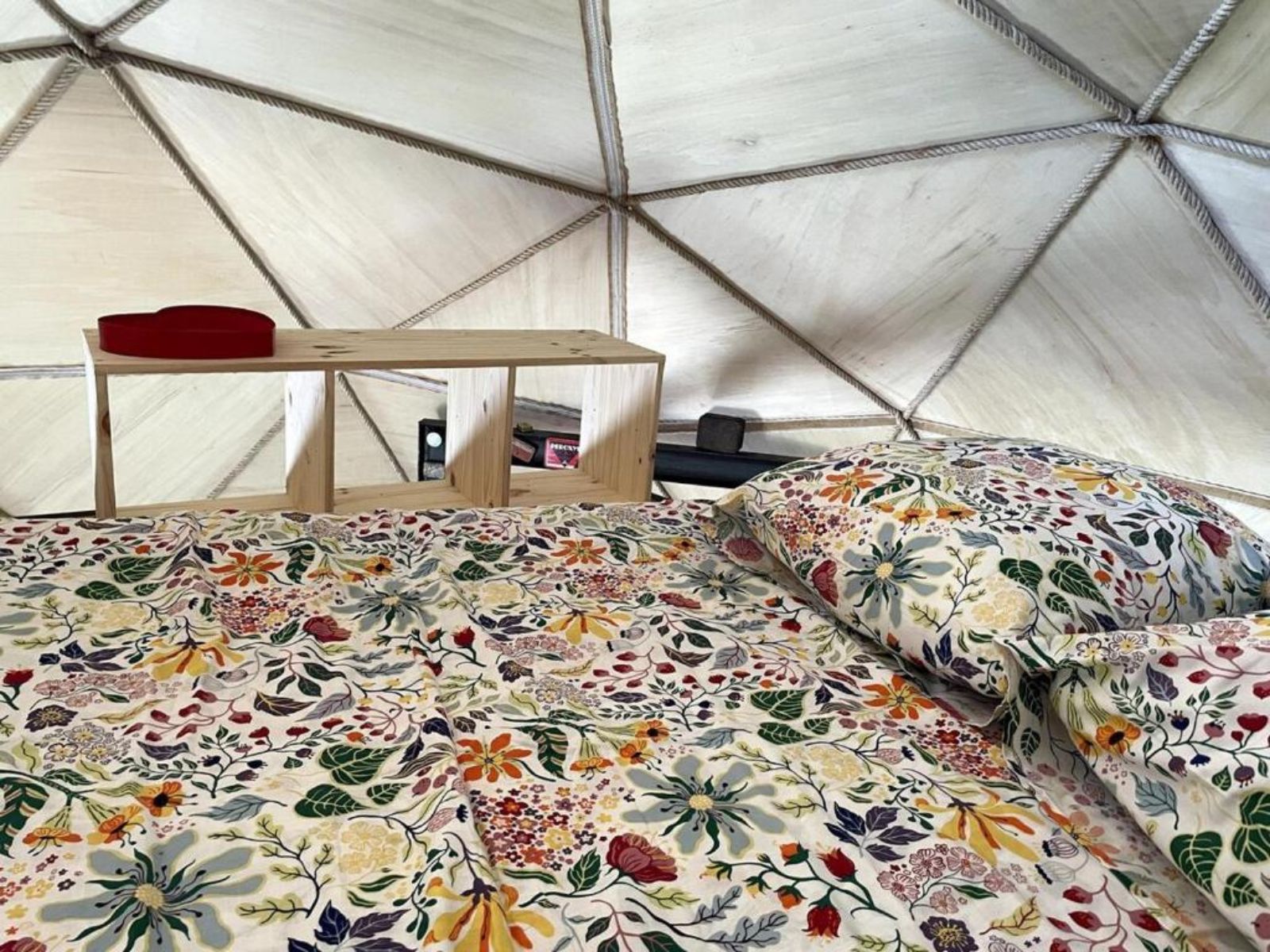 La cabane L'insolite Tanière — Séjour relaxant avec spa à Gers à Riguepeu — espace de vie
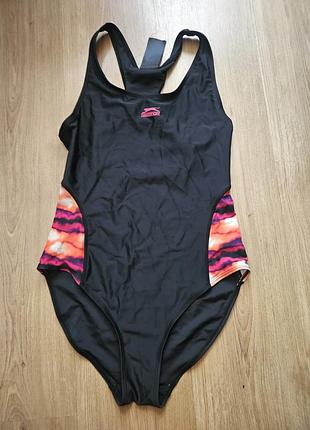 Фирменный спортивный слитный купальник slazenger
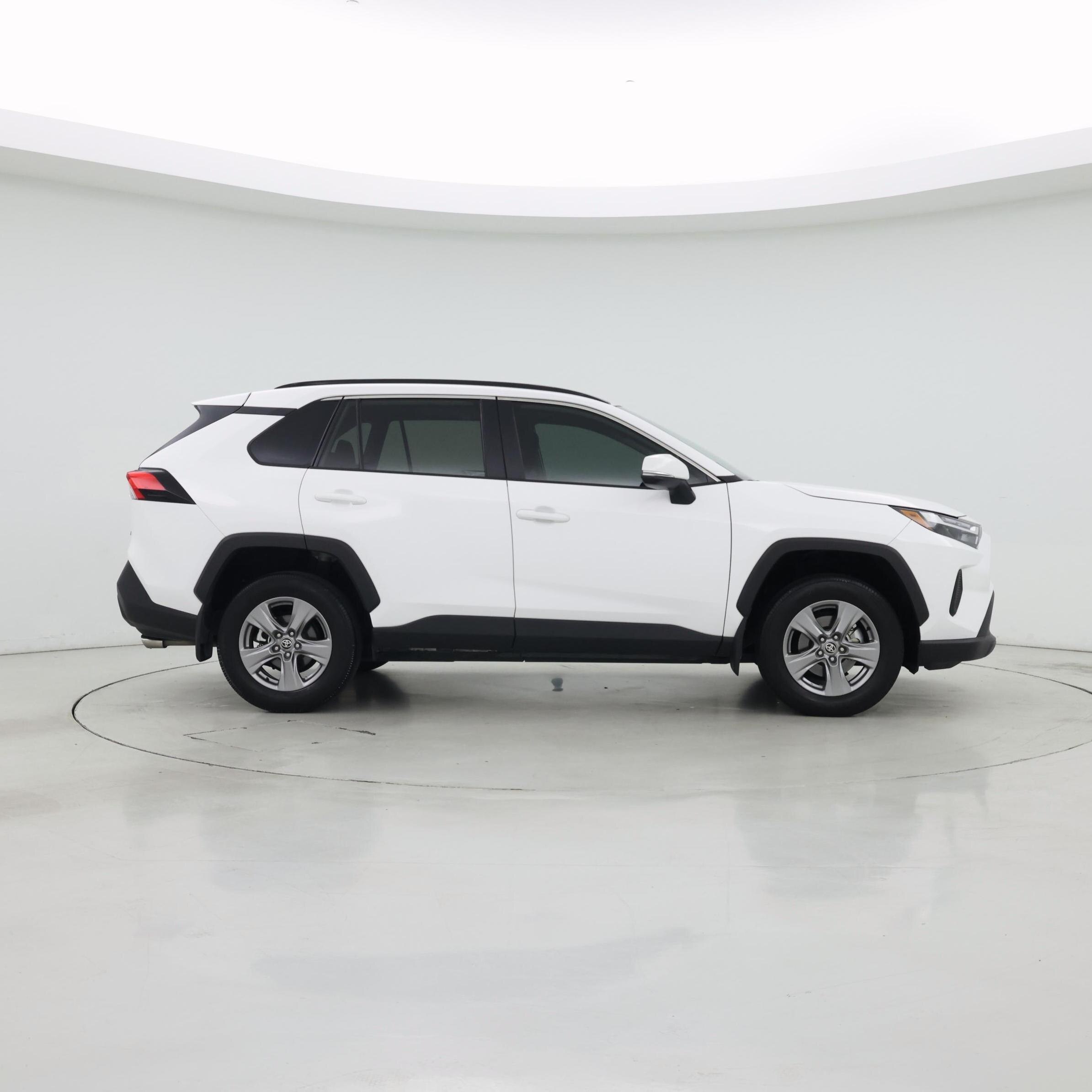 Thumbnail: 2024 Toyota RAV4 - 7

* * *

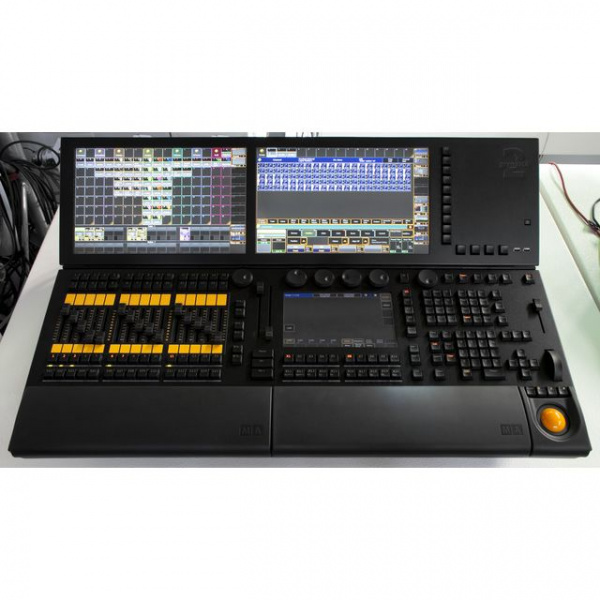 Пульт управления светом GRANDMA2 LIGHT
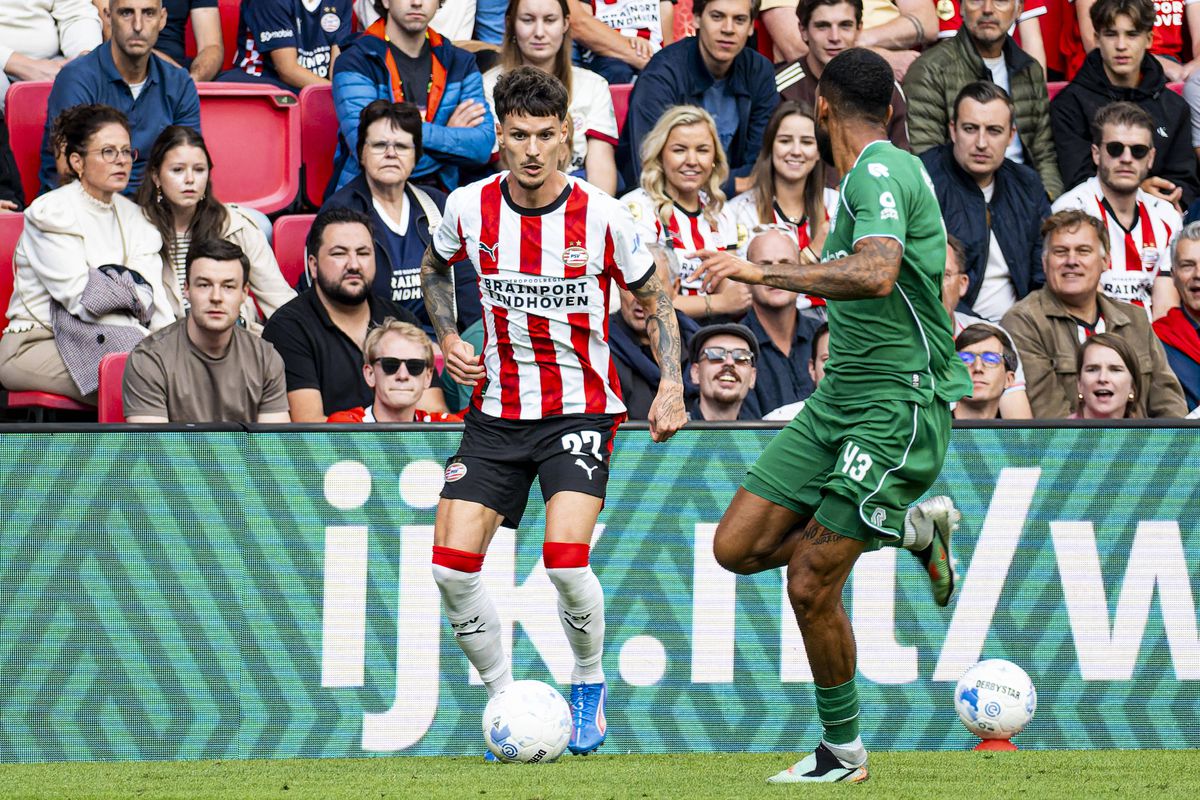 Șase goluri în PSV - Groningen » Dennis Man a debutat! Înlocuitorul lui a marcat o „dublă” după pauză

...

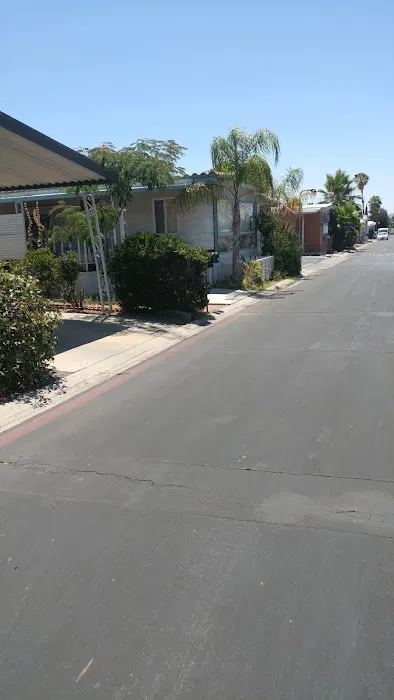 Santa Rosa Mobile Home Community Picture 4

**REQUIRED ACTION:**
Print nothing but the lines above starting with the line that contains "Фирменный спортивный слитный" and going on through the line that contains "Thumbnail: 2024 Toyota RAV4 - 7". Leave out the pictures.

**OUTPUT FOR THIS TASK:**
 Фирменный спортивный слитный купальник slazenger
 Thumbnail: 2024 Toyota RAV4 - 7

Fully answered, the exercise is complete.